• Work to be completed: Copy the data. Keep every character as given.

Top of The records

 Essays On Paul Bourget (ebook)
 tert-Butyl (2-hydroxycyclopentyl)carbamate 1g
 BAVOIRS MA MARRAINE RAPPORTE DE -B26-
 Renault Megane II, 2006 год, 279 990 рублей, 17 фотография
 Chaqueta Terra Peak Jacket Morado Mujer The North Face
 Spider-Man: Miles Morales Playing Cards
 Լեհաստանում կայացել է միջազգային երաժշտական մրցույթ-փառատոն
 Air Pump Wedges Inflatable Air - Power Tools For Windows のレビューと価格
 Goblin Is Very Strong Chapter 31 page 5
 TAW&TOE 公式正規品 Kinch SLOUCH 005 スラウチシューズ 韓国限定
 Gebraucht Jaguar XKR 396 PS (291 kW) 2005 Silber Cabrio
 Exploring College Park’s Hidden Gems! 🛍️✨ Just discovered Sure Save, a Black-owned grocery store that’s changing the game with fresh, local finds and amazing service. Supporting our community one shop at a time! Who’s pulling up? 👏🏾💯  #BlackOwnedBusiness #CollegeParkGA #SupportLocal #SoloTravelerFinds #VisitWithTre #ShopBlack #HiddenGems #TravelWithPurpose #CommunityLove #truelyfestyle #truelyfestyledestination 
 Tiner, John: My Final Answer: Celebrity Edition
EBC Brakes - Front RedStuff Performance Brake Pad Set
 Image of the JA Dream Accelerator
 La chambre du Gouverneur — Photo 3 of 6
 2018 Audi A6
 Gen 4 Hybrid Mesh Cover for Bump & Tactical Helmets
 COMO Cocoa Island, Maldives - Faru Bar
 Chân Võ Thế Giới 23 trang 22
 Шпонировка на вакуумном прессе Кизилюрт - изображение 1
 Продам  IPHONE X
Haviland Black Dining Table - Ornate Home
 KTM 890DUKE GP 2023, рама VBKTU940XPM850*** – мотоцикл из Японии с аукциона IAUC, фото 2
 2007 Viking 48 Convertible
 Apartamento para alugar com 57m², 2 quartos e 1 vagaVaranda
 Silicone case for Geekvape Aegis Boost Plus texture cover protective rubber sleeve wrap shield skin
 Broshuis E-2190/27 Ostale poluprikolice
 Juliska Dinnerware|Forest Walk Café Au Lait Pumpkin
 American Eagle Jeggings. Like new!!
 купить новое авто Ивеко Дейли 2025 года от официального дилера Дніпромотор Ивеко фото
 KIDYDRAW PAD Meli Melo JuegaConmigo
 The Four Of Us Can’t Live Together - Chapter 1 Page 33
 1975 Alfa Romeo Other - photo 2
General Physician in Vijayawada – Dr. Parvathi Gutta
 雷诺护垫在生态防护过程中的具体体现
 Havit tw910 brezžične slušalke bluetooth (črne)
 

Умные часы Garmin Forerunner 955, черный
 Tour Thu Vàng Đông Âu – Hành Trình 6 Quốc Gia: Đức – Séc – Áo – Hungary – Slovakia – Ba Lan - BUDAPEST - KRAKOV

Bottom of The records

• Answer box:
 Essays On Paul Bourget (ebook)
 tert-Butyl (2-hydroxycyclopentyl)carbamate 1g
 BAVOIRS MA MARRAINE RAPPORTE DE -B26-
 Renault Megane II, 2006 год, 279 990 рублей, 17 фотография
 Chaqueta Terra Peak Jacket Morado Mujer The North Face
 Spider-Man: Miles Morales Playing Cards
 Լեհաստանում կայացել է միջազգային երաժշտական մրցույթ-փառատոն
 Air Pump Wedges Inflatable Air - Power Tools For Windows のレビューと価格
 Goblin Is Very Strong Chapter 31 page 5
 TAW&TOE 公式正規品 Kinch SLOUCH 005 スラウチシューズ 韓国限定
 Gebraucht Jaguar XKR 396 PS (291 kW) 2005 Silber Cabrio
 Exploring College Park’s Hidden Gems! 🛍️✨ Just discovered Sure Save, a Black-owned grocery store that’s changing the game with fresh, local finds and amazing service. Supporting our community one shop at a time! Who’s pulling up? 👏🏾💯  #BlackOwnedBusiness #CollegeParkGA #SupportLocal #SoloTravelerFinds #VisitWithTre #ShopBlack #HiddenGems #TravelWithPurpose #CommunityLove #truelyfestyle #truelyfestyledestination 
 Tiner, John: My Final Answer: Celebrity Edition
EBC Brakes - Front RedStuff Performance Brake Pad Set
 Image of the JA Dream Accelerator
 La chambre du Gouverneur — Photo 3 of 6
 2018 Audi A6
 Gen 4 Hybrid Mesh Cover for Bump & Tactical Helmets
 COMO Cocoa Island, Maldives - Faru Bar
 Chân Võ Thế Giới 23 trang 22
 Шпонировка на вакуумном прессе Кизилюрт - изображение 1
 Продам  IPHONE X
Haviland Black Dining Table - Ornate Home
 KTM 890DUKE GP 2023, рама VBKTU940XPM850*** – мотоцикл из Японии с аукциона IAUC, фото 2
 2007 Viking 48 Convertible
 Apartamento para alugar com 57m², 2 quartos e 1 vagaVaranda
 Silicone case for Geekvape Aegis Boost Plus texture cover protective rubber sleeve wrap shield skin
 Broshuis E-2190/27 Ostale poluprikolice
 Juliska Dinnerware|Forest Walk Café Au Lait Pumpkin
 American Eagle Jeggings. Like new!!
 купить новое авто Ивеко Дейли 2025 года от официального дилера Дніпромотор Ивеко фото
 KIDYDRAW PAD Meli Melo JuegaConmigo
 The Four Of Us Can’t Live Together - Chapter 1 Page 33
 1975 Alfa Romeo Other - photo 2
General Physician in Vijayawada – Dr. Parvathi Gutta
 雷诺护垫在生态防护过程中的具体体现
 Havit tw910 brezžične slušalke bluetooth (črne)
 

Умные часы Garmin Forerunner 955, черный
 Tour Thu Vàng Đông Âu – Hành Trình 6 Quốc Gia: Đức – Séc – Áo – Hungary – Slovakia – Ba Lan - BUDAPEST - KRAKOV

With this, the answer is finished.